▶ **Given data**:
Content starts

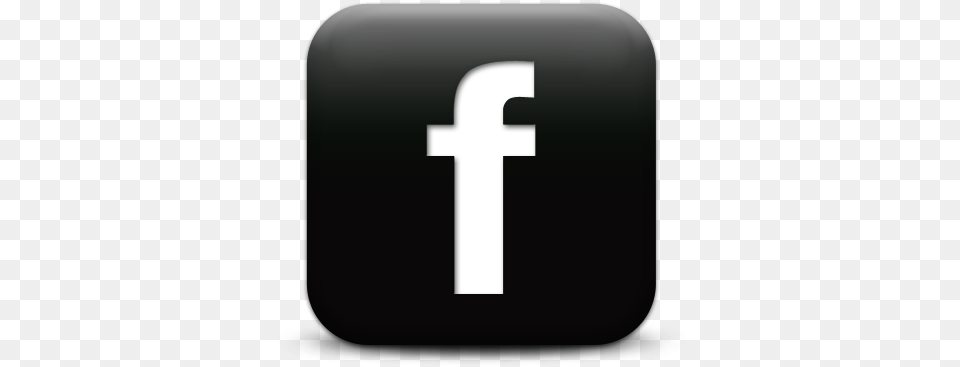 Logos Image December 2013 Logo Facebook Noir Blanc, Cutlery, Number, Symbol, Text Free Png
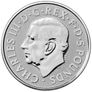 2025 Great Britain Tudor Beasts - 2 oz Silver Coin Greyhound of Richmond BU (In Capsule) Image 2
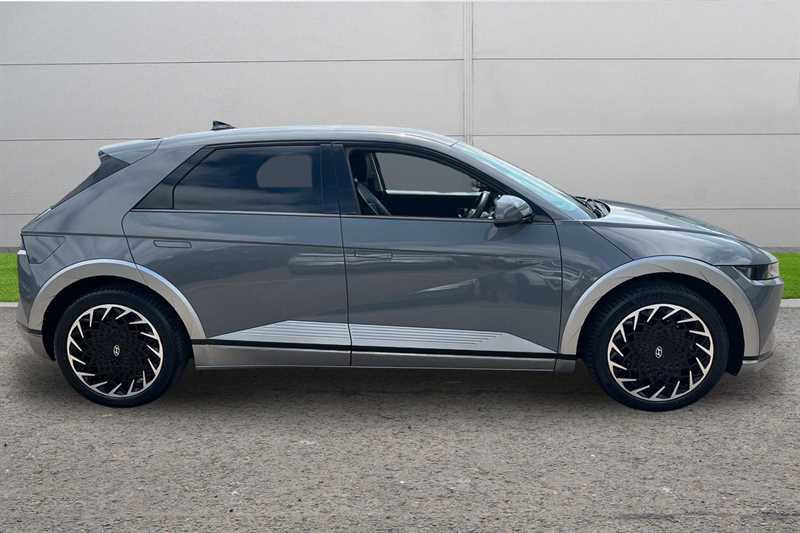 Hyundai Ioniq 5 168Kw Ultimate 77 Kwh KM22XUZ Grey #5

Content ends

▶ **Task prompt**: The reply should contain every line of the material exactly, and no images.

▶ **Written reply**:
 Logos Image December 2013 Logo Facebook Noir Blanc, Cutlery, Number, Symbol, Text Free Png
 2025 Great Britain Tudor Beasts - 2 oz Silver Coin Greyhound of Richmond BU (In Capsule) Image 2
 Hyundai Ioniq 5 168Kw Ultimate 77 Kwh KM22XUZ Grey #5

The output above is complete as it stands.